50 Tiong Bahru Road
By Tay Suan Chiang, DESIGN CORRESPONDENT, The Straits Times (29/07/07)
THE sound of birds singing at the famed Tiong Bahru bird corner may soon be heard once again.
Bird lovers clutching cages containing their chirpy feathered friends used to flock to the open-air corner at the former Block 53 in Tiong Bahru Road.
However, they stopped going there about four years ago when the block was slated for redevelopment. The area fell silent.
But, good news – the bird corner is to rise like a phoenix.
The housing block where the corner was located has been transformed into the 288-room, boutique Link Hotel, which opened two weeks ago.
And the hotel is encouraging the return of the bird enthusiasts to showcase the songs of their talented tweeters.
It may also hold an annual bird singing contest to recapture the former glory of the area, says a spokesman for the hotel.
The hotel is made up of two blocks which used to be flats under the Singapore Improvement Trust (SIT) – the predecessor of today’s Housing Board.
Over the past two years, these have been converted into the boutique hotel. The cost of this extensive renovation was $45 million, according to earlier reports. However, when Life! checked this week, the hotel said the figure had changed, but did not disclose details.
IT IS not just the bird corner that is staying. Even the facade of the housing blocks has been kept.
Turning the two residential blocks into commercial buildings came with its challenges. One of which is age. Each block is more than 50 years old and the hotel had to deal with wear and tear of the older building materials.
The facade and structure of the two blocks also had to be conserved according to government regulations. This meant the original window louvres had to be retained.
Each piece was painstakingly taken down and treated for water seepage and parasites before being reinstalled.
‘Retaining the facade and structure required extra effort during construction but we went ahead with it so the heritage of the building can be preserved,’ says Mr George Chen, 38, the hotel’s director and general manager.

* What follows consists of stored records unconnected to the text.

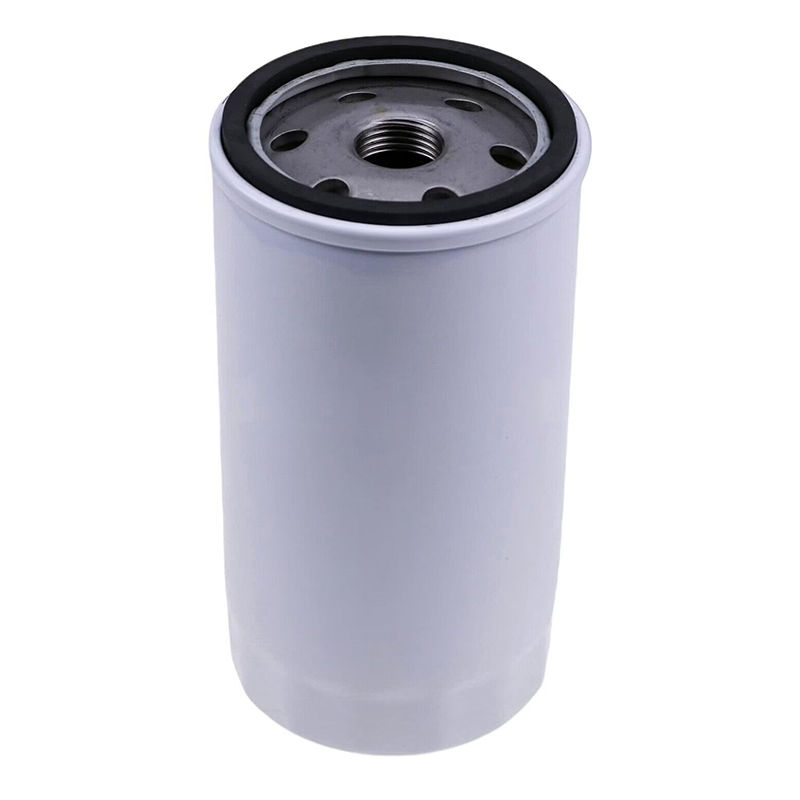 Oil Filter - Replaces Donaldson P554408 WIX 51460 Fleetguard LF700 Baldwin BT215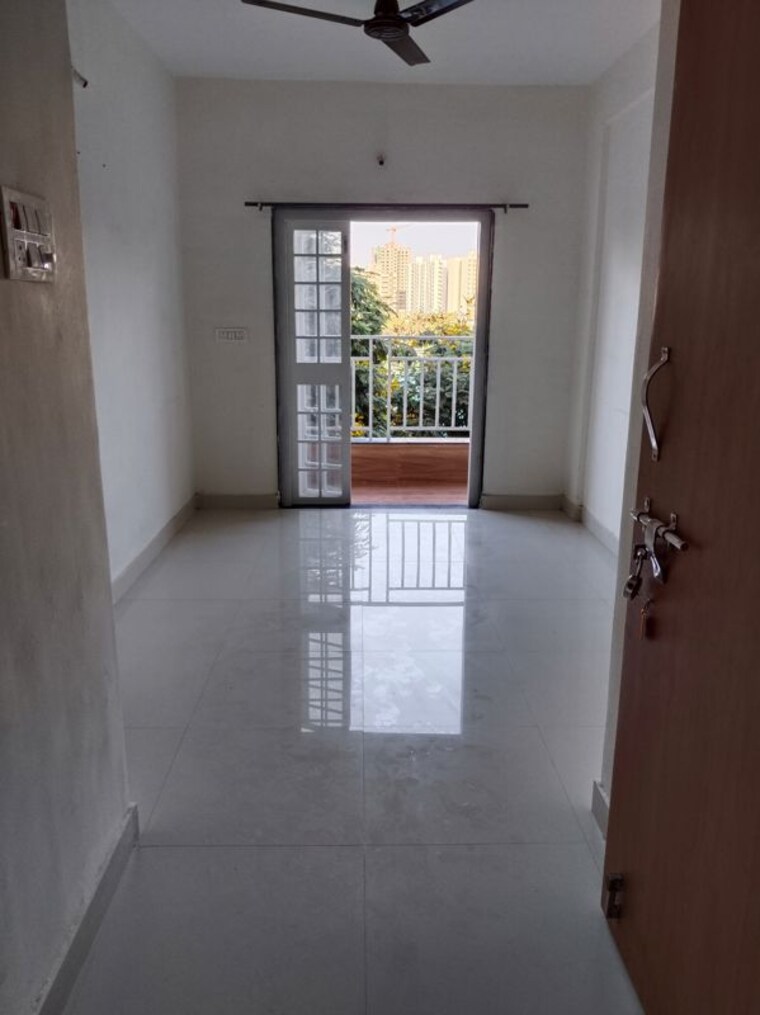 Room, majestique-signature-towers 2 Bedroom 900 Sq.Ft. Apartment In Balewadi Pune 10546357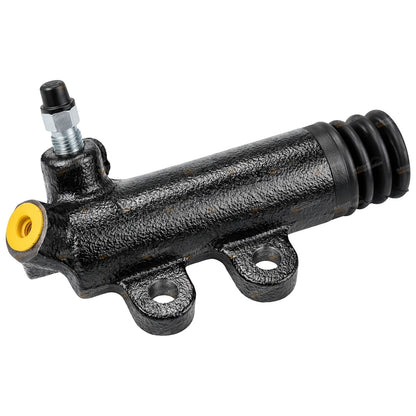 Clutch Slave Cylinder for Land Cruiser HDJ100 HDJ101 (1998–2007)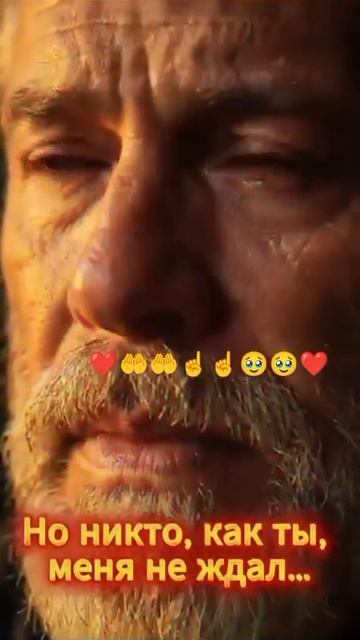 Видео от Департамент Вирусного Контента  ДВК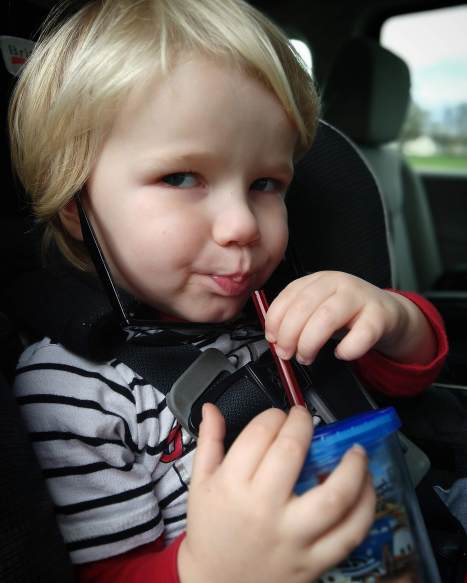 IMG_20181108_001256_525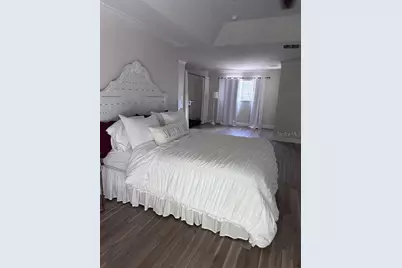 5879 Lake Melrose Drive, Orlando, FL 32829 - Photo 17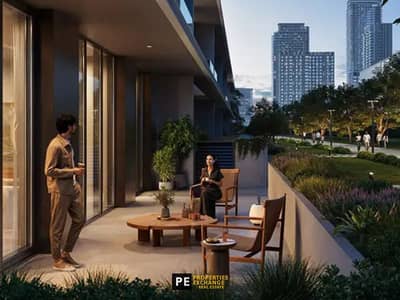 1 Bedroom Apartment for Sale in Dubai Creek Harbour, Dubai - 8 (1). jpg
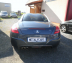 Peugeot RCZ 2.0 HDI coupé CT OK  FAP 163ch / 9 CV - 4 places -  10 990 €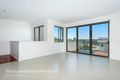Property photo of 29 Kalua Lane Pemulwuy NSW 2145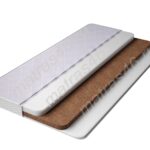 Матрас Carlson Mickey (Микки)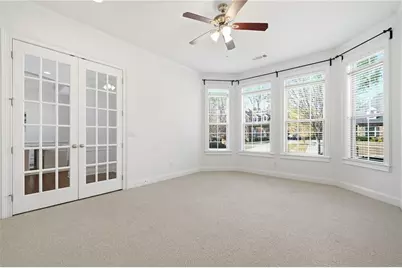 1055 Reece Road, Alpharetta, GA 30004 - Photo 6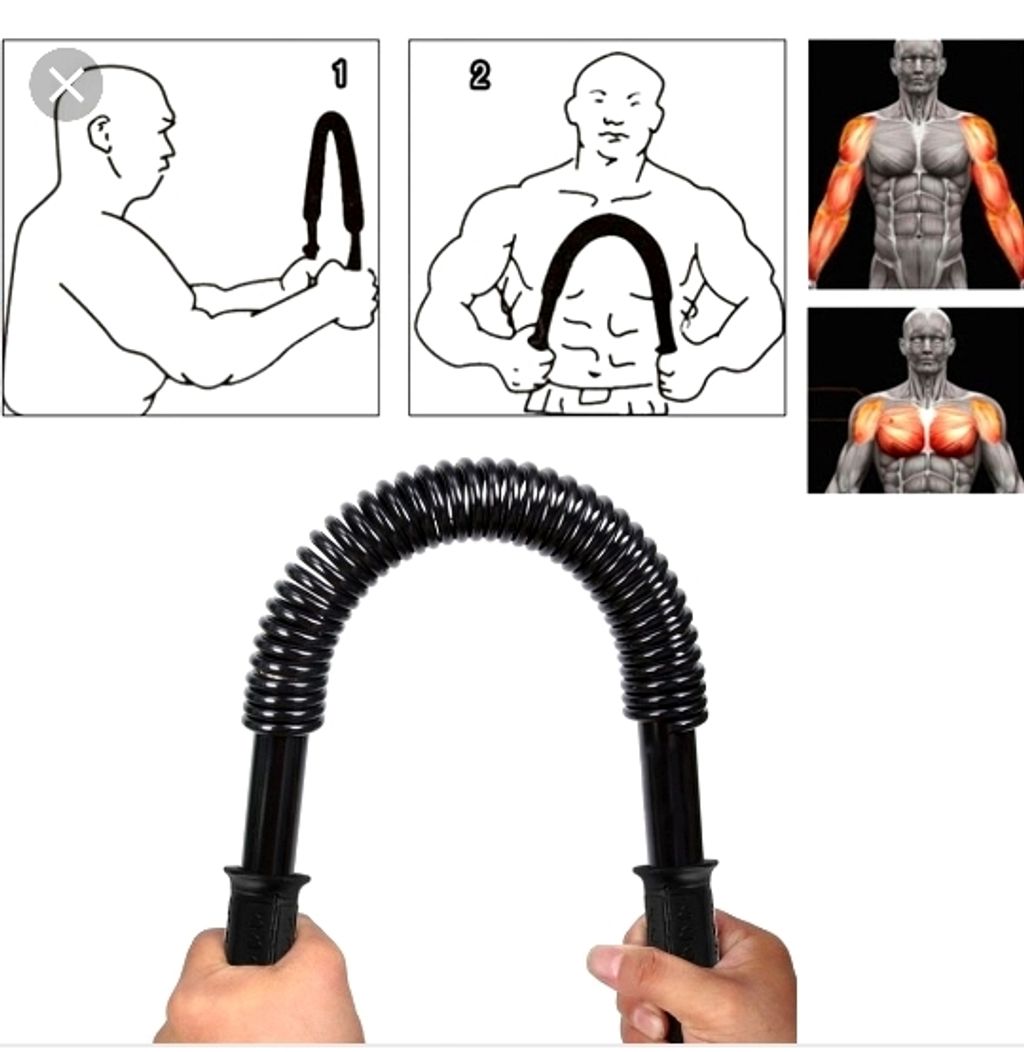 chest5.jpg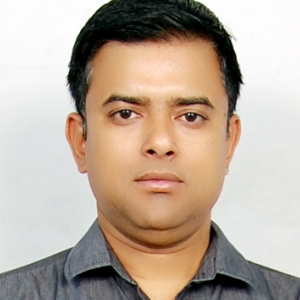Hardeep Singh-Freelancer in Patiala,India
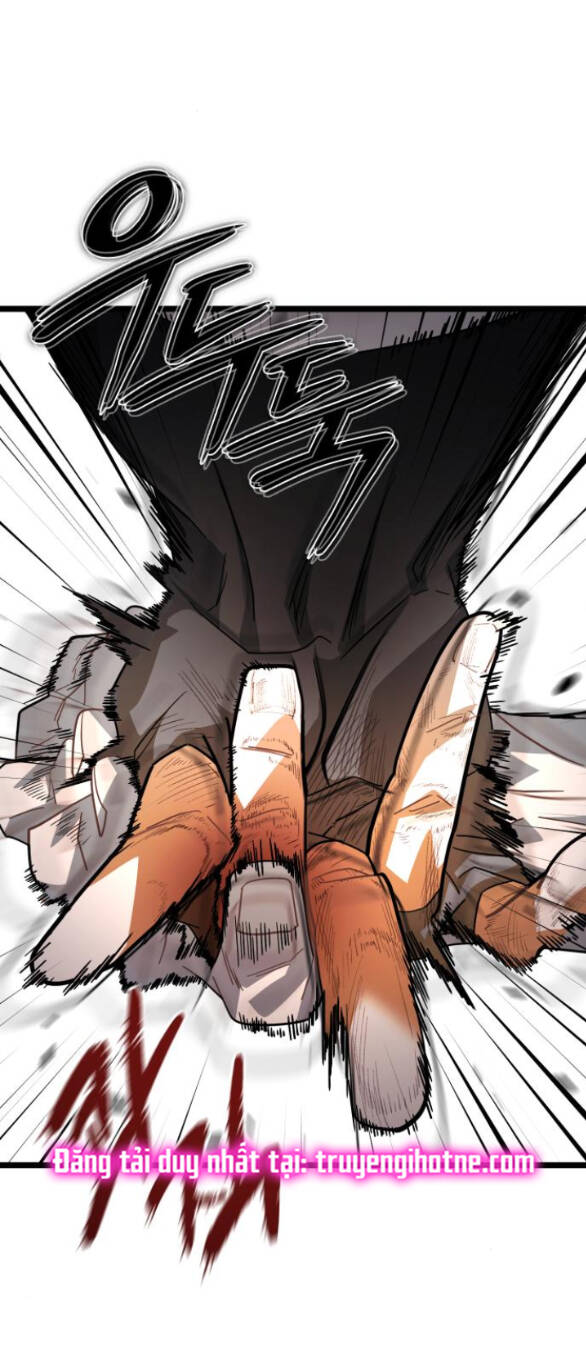 Trăng Tối: Kỉ Nguyên Máu Chapter 54.2 - Trang 2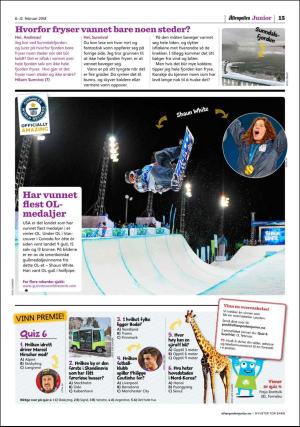 aftenposten_junior-20180206_000_00_00_015.pdf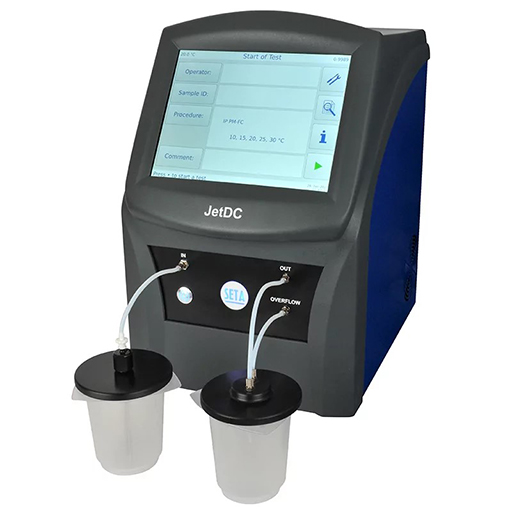 JetDC - 88500-0
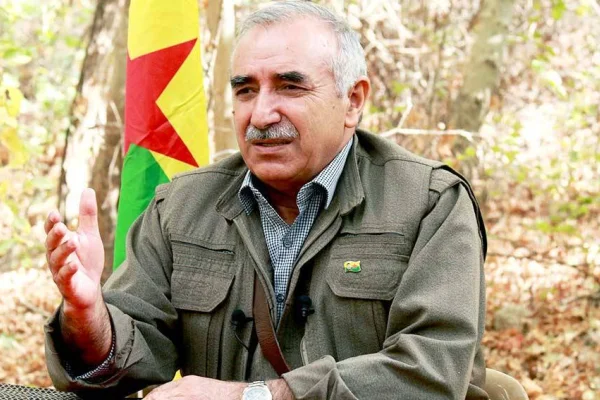 Zap’ta kazanan biz olacağız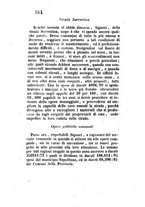 giornale/IEI0104137/1859/unico/00000168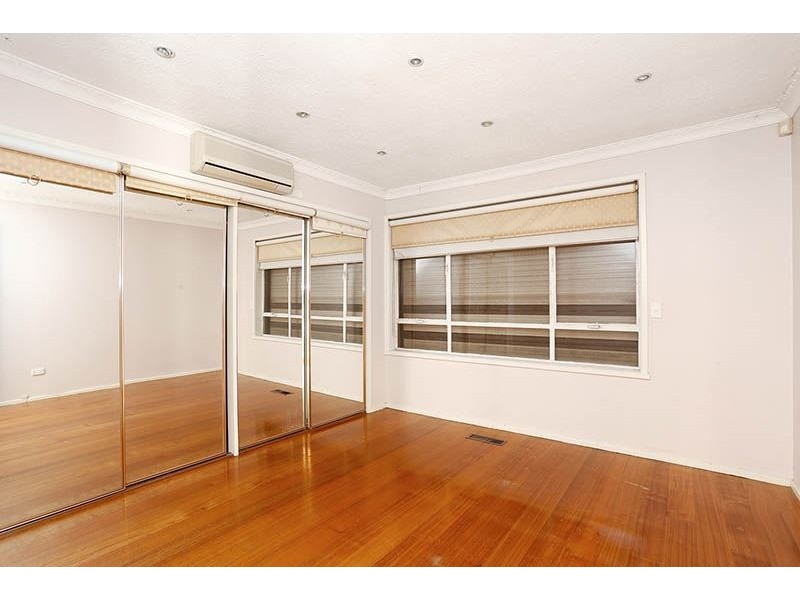 642 Springvale Road, Mulgrave VIC 3170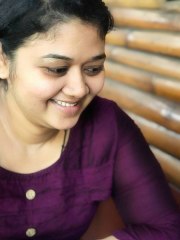 ശരണ്യയുടെ ഏഴാമത്തെ ശസ്ത്രക്രിയയും കഴിഞ്ഞു | filmibeat Malayalam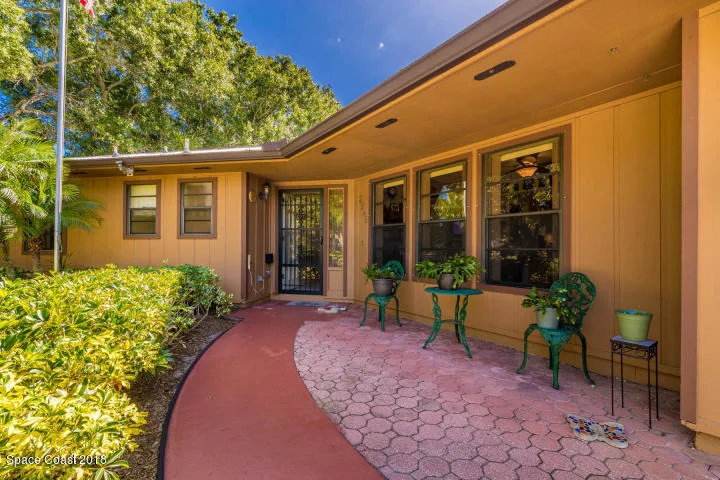 Photo of 2945 7th Place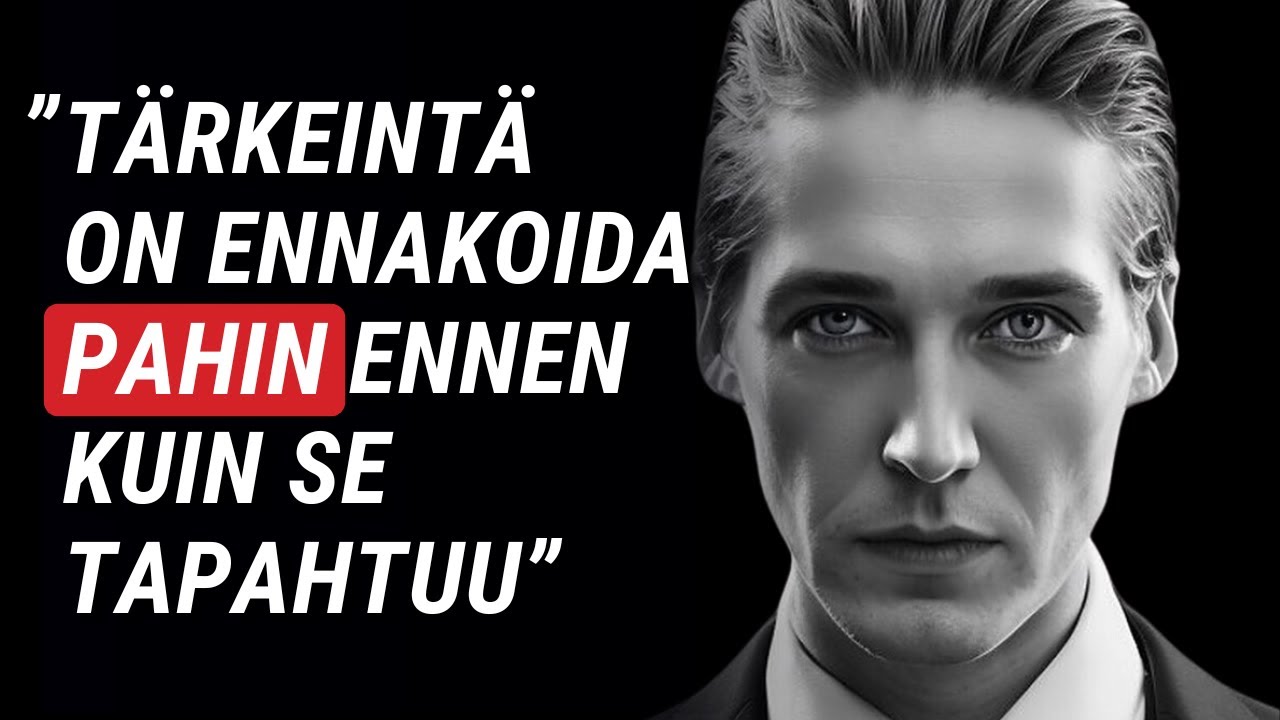 Lääkäri analysoi verikoetulokset: testosteronitasot ja kolesteroliarvot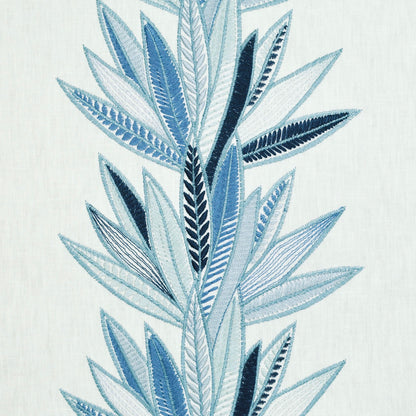 TRH3308 Fabric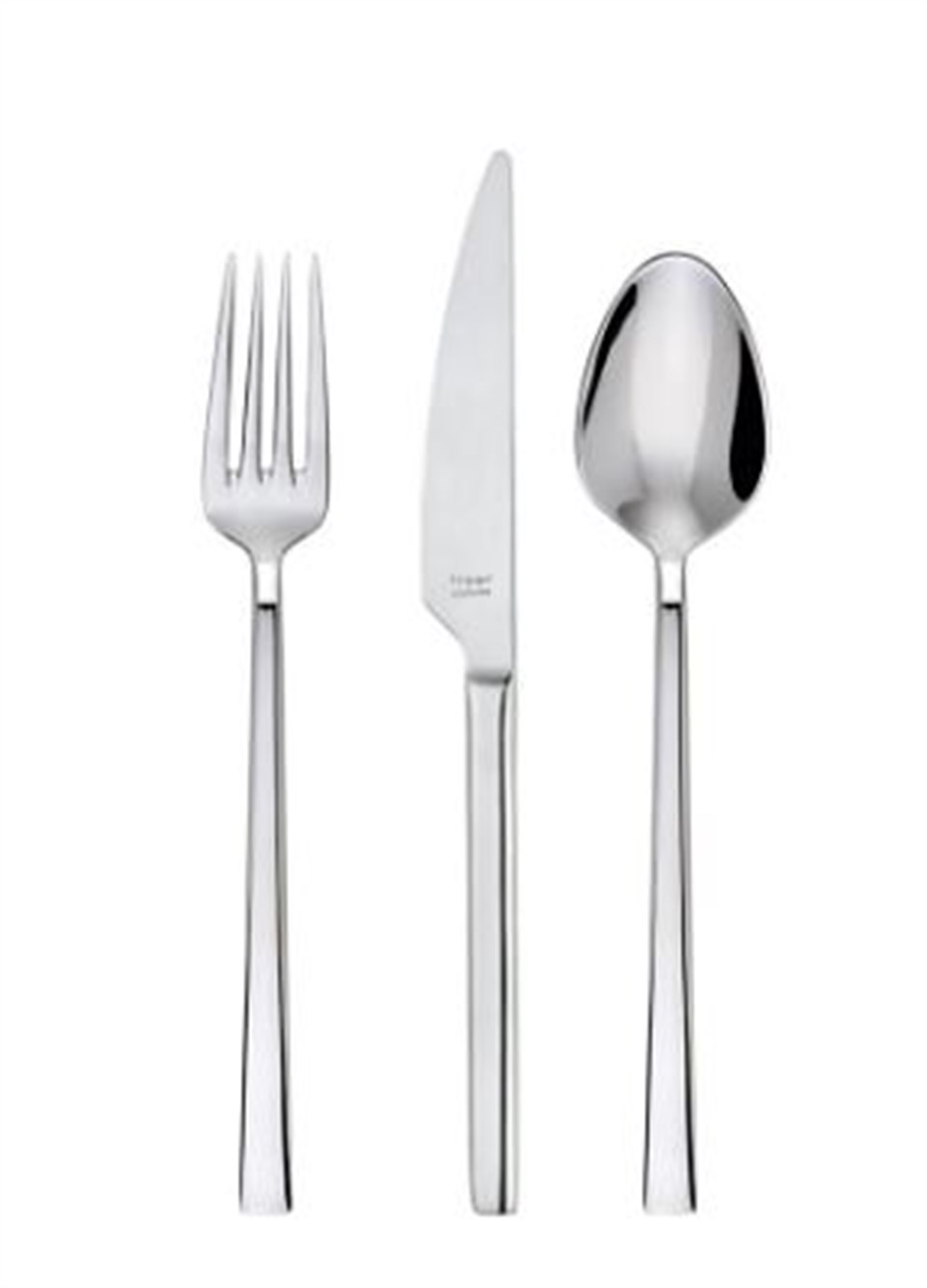 MİLANO YEMEK KAŞIK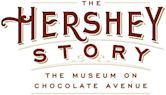 The Hershey Story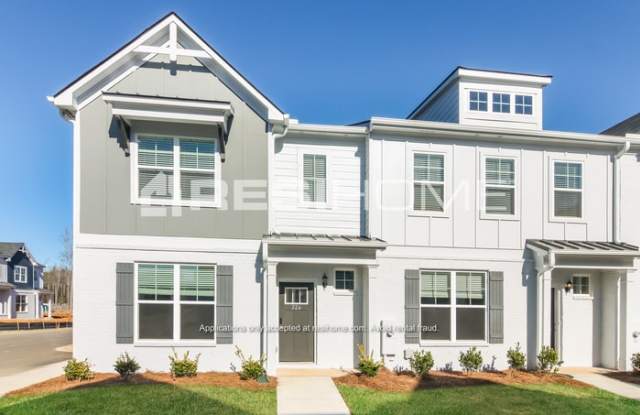 265 Rae Way photos photos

The original balconies were retained, but guests no longer have access to them. Each room also comes with double-glazed windows to keep out noise.
Another challenge faced by the project’s architects, local firm Liu & Wo, is that an MRT tunnel runs below the two blocks. That meant the weight of the two buildings had to be carefully regulated to not affect the tunnel.
Besides reconfiguring the hotel rooms from former three- and four-room flats, sections of the second, third and fourth floors were removed to create an atrium in the lobby. This allows in natural light, making the hotel look more spacious.
The interior of the rooms reflect Singapore’s multicultural heritage – they are done up in Chinese, Indian, Malay and modern styles.
The hotel is the first project in Singapore for Macau-based Hang Huo Enterprise Group, which has businesses in property, construction, hotels and casinos.
The group won a tender put out by the Singapore Tourism Board (STB) to build the 62-year-lease property four years ago.
The hotel did not disclose the original tender bid when Life! asked this week. But judging by the buzz and number of visitors when Life! stopped by, the multi-million-dollar exercise has been worth it.
And with 288 rooms, Link Hotel is possibly Singapore’s largest boutique hotel. There are 150 rooms in its Lotus block (named after a flower symbolic of Macau) and 138 rooms in the Orchid block (named after Singapore’s national flower).
The two blocks are linked by a 38m-long air-conditioned bridge – a first for a hotel here.
Rooms in Lotus are open for bookings and cost from $260 to $600 a night. These cater more to business travellers.
The Orchid block is aimed at tourist groups – mainly Chinese – and will be ready in October.
COMFORT FOOD: In the Malay-themed room, the headboard was designed to recreate the weave found on ketupat. Other rooms are done up in Chinese, Indian and modern styles. Guests can buy the custom-made lamps and other furnishings.